Once I saw the northern shore of the huge bay ending eventually up in a river, I thought this looks nice! Cliffs allover, and even a few hotels. At least I could see it from the boat, if I’d not be paddling this detour.
At some point, another coast guard boat came, and they put me back in the water for some footage of me paddling in front of my coast guard boat for the TV date tomorrow. But as soon as I was back on deck, the two boats made a home run which at some point scared the shit out of me…give young men three strong engines each under the butt, and they start to race and to do crazy things… At some point, they were running at highest speed side by side with almost no space any more between the boats, and one guy was
jumping over from our boat to the other to take more pictures from the other side…hey, we are not on a stunt men show here! I was padlling safe solo around Cape Horn, and then would get crashed by the show off of two coast guard boats…a nightmare…

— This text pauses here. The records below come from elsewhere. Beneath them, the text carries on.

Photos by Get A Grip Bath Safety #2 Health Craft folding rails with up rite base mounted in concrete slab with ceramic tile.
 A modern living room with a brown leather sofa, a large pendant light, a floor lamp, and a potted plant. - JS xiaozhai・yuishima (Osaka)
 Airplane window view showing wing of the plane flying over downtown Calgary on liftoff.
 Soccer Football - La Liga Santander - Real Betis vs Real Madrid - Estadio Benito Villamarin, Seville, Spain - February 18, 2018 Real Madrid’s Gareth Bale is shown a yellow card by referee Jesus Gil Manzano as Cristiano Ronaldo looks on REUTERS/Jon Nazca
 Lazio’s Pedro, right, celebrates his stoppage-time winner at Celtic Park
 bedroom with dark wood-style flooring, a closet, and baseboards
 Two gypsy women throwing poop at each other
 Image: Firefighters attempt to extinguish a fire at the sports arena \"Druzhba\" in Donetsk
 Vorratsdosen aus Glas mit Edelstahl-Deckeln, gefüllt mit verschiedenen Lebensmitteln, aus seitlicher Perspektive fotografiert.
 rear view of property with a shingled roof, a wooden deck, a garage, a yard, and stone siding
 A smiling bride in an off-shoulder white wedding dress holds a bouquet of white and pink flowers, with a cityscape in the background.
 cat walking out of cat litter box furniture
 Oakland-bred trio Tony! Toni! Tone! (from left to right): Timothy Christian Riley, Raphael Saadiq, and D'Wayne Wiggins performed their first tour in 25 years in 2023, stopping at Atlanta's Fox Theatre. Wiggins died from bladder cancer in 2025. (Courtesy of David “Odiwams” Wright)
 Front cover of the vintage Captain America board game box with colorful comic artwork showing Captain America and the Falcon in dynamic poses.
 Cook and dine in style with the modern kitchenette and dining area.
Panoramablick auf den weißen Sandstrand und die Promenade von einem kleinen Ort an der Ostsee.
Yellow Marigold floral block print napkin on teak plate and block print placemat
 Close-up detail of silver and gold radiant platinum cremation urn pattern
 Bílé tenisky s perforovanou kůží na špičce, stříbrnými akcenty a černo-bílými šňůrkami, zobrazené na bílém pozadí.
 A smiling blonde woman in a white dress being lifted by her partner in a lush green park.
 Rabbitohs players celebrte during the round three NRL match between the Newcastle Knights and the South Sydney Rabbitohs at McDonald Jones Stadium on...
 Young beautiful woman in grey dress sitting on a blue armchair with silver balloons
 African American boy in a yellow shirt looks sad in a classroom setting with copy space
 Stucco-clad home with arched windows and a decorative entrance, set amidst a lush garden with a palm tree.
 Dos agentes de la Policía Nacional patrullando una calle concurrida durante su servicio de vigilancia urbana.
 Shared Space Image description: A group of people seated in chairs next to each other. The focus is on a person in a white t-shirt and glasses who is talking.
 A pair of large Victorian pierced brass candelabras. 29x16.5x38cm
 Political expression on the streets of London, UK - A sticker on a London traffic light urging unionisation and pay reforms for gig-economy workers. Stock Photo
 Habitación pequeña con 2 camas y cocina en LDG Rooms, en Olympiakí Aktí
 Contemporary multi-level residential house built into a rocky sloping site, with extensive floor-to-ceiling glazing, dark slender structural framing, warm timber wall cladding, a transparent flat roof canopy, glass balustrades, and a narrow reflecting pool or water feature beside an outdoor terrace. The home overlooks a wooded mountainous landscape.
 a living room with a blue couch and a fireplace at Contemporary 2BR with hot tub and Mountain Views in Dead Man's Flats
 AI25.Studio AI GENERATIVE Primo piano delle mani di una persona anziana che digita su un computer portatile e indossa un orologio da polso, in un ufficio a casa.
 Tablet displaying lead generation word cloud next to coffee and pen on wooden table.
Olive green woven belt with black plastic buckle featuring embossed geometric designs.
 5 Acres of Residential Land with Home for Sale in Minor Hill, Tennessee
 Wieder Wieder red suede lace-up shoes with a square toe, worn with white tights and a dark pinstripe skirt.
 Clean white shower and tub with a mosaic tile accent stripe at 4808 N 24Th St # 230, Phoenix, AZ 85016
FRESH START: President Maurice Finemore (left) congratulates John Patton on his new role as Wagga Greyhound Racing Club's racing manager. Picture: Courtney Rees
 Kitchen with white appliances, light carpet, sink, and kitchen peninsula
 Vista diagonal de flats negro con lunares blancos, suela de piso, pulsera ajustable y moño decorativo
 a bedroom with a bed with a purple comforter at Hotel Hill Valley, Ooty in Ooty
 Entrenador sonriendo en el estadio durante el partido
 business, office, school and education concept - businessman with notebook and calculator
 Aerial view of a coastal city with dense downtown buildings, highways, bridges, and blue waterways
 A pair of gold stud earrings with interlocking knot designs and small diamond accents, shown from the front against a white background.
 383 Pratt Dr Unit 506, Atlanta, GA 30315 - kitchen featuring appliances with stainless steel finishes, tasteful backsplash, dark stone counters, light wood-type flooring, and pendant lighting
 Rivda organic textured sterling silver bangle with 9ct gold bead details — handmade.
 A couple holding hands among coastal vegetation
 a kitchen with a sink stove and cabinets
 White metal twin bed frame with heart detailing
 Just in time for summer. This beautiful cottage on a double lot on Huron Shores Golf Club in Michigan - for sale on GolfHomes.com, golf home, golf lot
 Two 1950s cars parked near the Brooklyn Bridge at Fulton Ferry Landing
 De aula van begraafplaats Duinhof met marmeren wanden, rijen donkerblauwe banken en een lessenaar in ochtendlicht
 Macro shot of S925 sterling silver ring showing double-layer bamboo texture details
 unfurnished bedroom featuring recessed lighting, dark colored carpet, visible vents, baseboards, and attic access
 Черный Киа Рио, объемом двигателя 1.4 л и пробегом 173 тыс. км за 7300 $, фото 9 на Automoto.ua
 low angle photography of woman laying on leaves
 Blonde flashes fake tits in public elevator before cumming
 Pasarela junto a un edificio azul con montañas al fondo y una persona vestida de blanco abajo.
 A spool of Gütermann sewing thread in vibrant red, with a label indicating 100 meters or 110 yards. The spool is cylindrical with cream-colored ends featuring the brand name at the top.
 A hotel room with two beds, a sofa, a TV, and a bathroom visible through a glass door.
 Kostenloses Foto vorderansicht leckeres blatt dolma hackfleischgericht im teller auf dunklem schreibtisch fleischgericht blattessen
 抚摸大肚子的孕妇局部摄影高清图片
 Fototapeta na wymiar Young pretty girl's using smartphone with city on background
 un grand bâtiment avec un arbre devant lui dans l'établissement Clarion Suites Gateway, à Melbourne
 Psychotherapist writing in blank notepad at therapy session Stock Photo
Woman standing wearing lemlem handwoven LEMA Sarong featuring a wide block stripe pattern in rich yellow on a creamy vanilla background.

It proved again true, I am never more scared about me and my kayak than in other people’s cars – or boats! Maybe I just need to get used to South American driving style…
But the nightmare for the young guys must have been to drive with lowest speed way behind me, guarding where there was nothing to guard at that point, and watching a damn paddler doing her boring slow job
We arrived at the coast guard station in Buenaventura, which is located on an island of itself. I got greeted by Juan, the Commander of the coast guard station, and got presented a Captain’s rank coast guard hat and a mug. Thanks! Later, Capitán Delgado came along, who was organizing my whole Pacific Colombian Navy/ Coastguard watch. We all set over with the boat to the mainland, where I got taken for dinner into a nice almost traditional by Juan. Thanks again!